*** Opening Material for this task ***
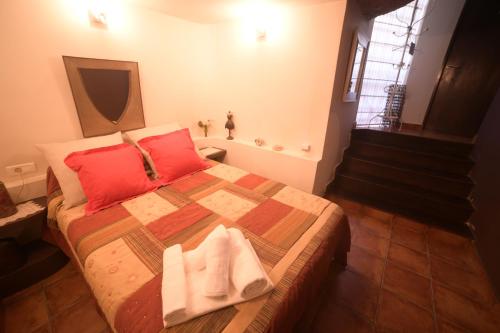 a bedroom with a large bed with red pillows at Casa Rural La Roca in Alcalá del Júcar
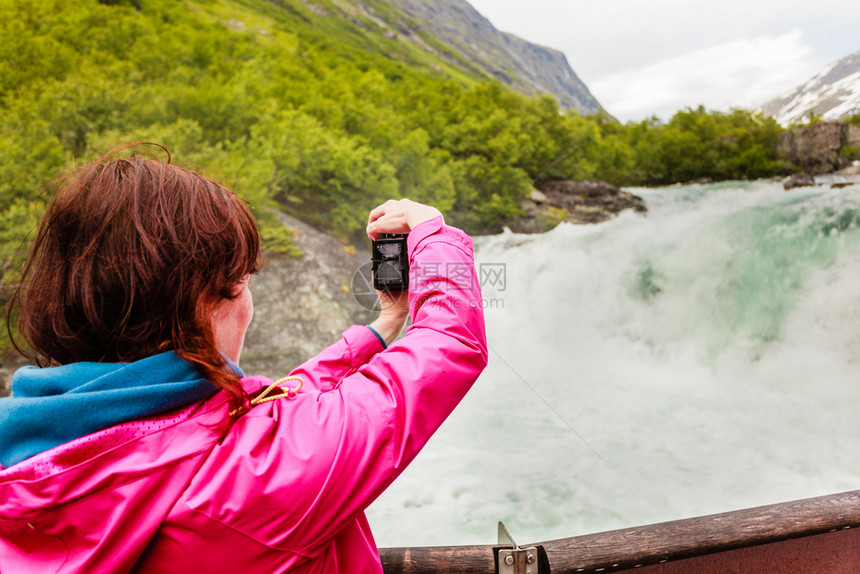 旅游女客观看Videfossen称为Buldrefossen瀑布用摄影机拍来自挪威Vieving站点的照片挪威SognogFjo图片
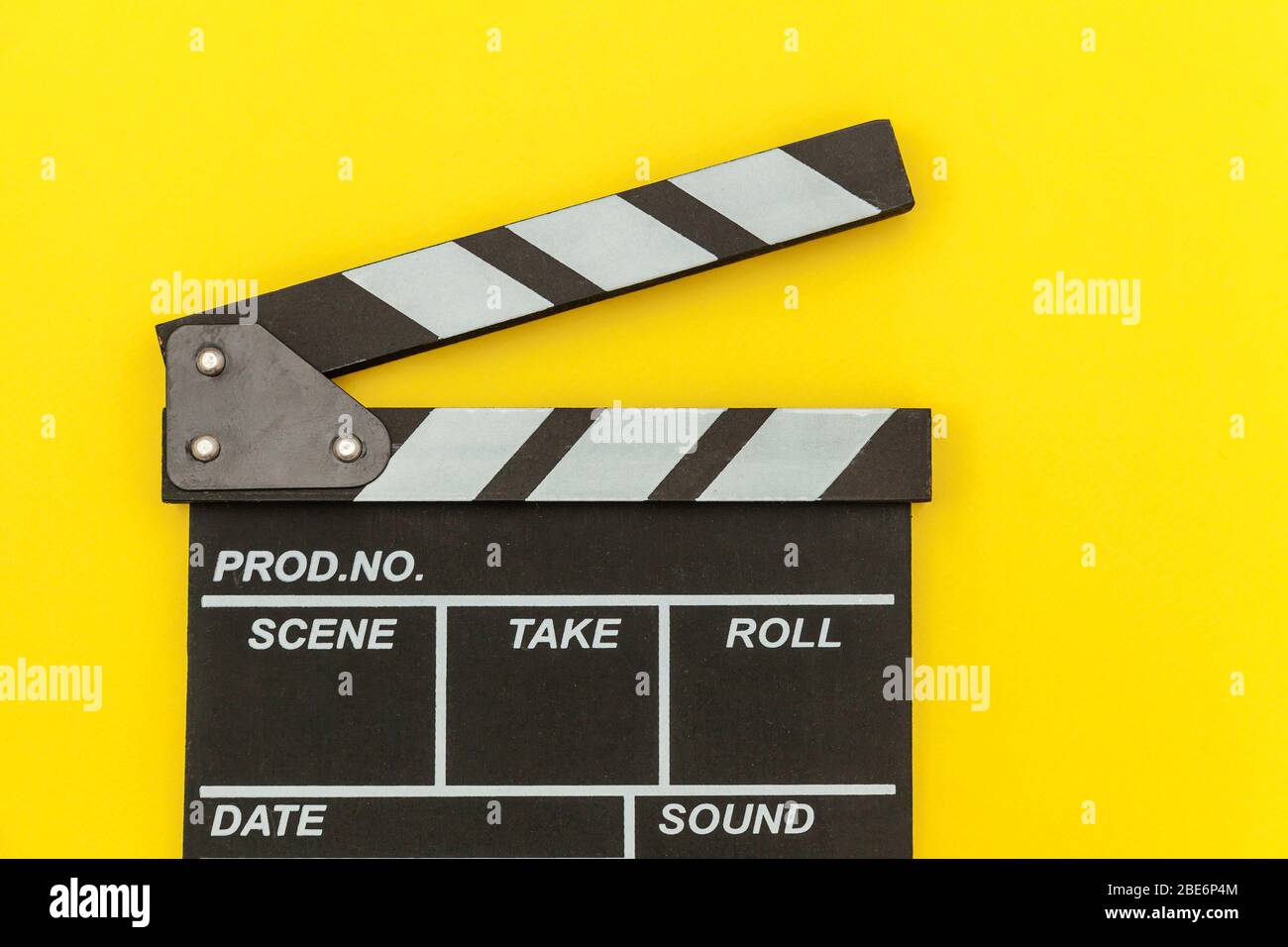 Filmmaker profession. Classic director empty film making clapperboard or  movie slate isolated on yellow background. Video production film cinema  industry concept. Flat lay top view copy space mock up Stock Photo -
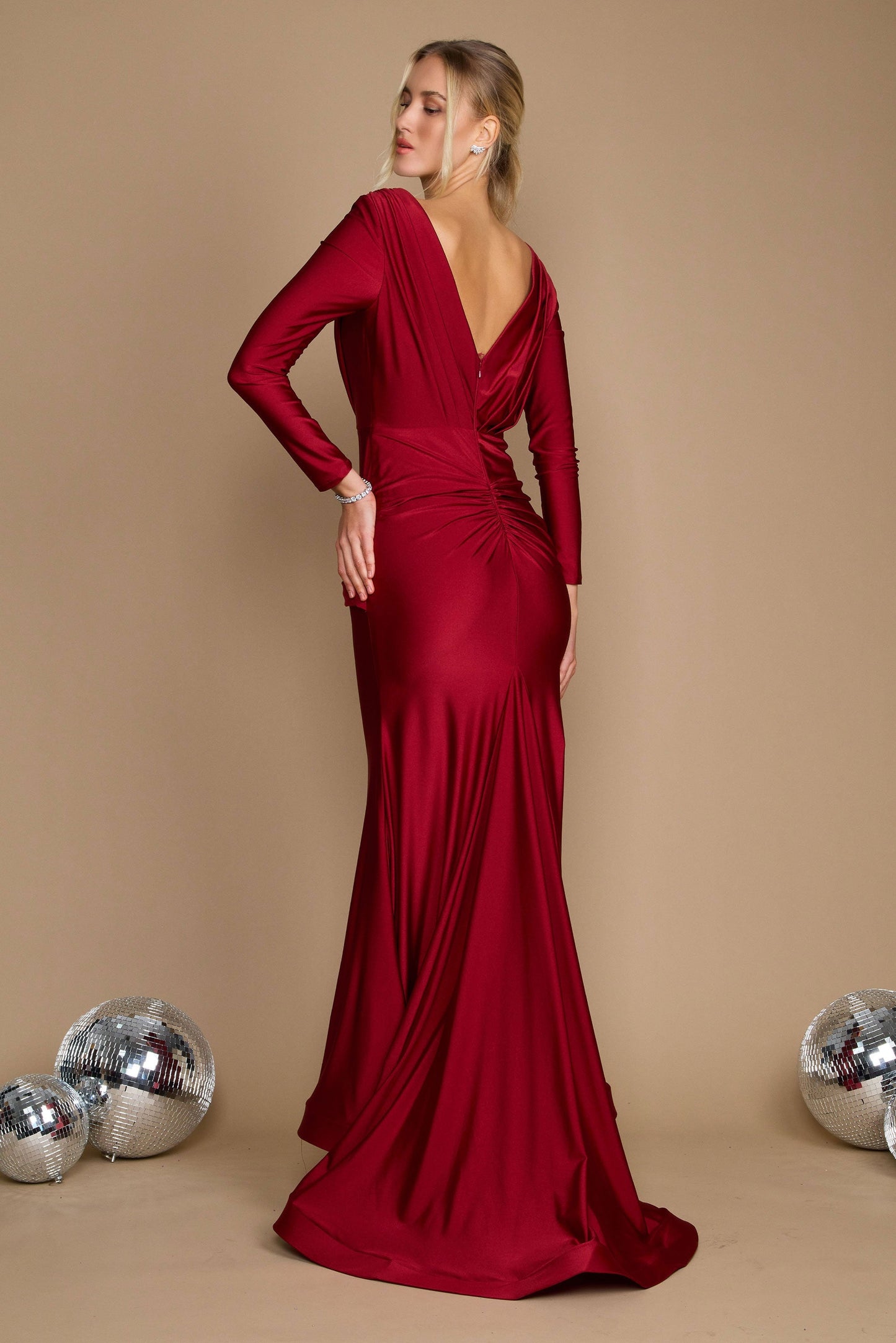 A stunning burgundy long sleeve formal fitted evening dress, elegantly tailored to accentuate the silhouette, featuring a sophisticated neckline and flowing fabric that cascades gracefully to the floor.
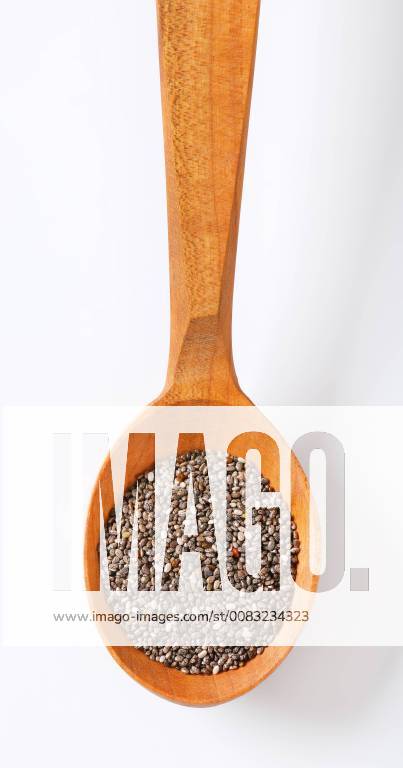 Spoon of healthy chia seeds on white background CTKPhotoF201805161198501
*** Closing Material for this task ***
• Problem description:
What is needed is the data above, retyped exactly, with every picture left out.

• Exercise response:
 a bedroom with a large bed with red pillows at Casa Rural La Roca in Alcalá del Júcar
 旅游女客观看Videfossen称为Buldrefossen瀑布用摄影机拍来自挪威Vieving站点的照片挪威SognogFjo图片
 Filmmaker profession. Classic director empty film making clapperboard or  movie slate isolated on yellow background. Video production film cinema  industry concept. Flat lay top view copy space mock up Stock Photo -
 A stunning burgundy long sleeve formal fitted evening dress, elegantly tailored to accentuate the silhouette, featuring a sophisticated neckline and flowing fabric that cascades gracefully to the floor.
 Spoon of healthy chia seeds on white background CTKPhotoF201805161198501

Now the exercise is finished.